##### Records to process
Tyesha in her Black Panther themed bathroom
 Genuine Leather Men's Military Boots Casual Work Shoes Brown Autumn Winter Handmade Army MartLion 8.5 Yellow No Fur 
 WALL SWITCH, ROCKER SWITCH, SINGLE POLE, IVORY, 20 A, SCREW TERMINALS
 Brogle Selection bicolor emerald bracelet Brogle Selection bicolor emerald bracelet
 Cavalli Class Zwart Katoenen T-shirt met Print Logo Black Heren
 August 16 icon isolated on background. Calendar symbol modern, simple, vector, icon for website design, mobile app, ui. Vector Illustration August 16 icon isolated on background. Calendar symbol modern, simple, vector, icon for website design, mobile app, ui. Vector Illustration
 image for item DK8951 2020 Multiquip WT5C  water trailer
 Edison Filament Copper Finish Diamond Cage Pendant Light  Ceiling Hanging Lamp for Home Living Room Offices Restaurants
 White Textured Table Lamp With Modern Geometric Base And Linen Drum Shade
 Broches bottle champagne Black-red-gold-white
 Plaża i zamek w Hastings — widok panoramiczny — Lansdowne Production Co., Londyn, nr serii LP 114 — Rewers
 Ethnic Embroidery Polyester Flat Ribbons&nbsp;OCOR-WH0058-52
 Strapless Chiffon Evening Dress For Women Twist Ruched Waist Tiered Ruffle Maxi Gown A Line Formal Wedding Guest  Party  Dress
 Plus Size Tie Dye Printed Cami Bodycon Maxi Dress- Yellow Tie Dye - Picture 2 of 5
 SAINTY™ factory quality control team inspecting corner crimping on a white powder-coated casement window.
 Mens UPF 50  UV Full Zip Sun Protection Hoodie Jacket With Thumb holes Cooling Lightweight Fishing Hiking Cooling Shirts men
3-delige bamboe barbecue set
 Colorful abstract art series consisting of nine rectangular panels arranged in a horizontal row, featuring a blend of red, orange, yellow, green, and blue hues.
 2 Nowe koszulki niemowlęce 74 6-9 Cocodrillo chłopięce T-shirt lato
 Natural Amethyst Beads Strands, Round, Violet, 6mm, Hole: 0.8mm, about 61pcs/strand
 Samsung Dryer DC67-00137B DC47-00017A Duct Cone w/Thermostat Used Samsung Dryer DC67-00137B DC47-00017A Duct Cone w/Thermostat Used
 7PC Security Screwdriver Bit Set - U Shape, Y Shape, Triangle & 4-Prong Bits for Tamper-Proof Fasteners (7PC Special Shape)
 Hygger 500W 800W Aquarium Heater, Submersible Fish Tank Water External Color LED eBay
##########
## [Problem requirements]
Go through the entries above and say how many lines include the word "Lamp". Give the number only.

## [Expected answer]
2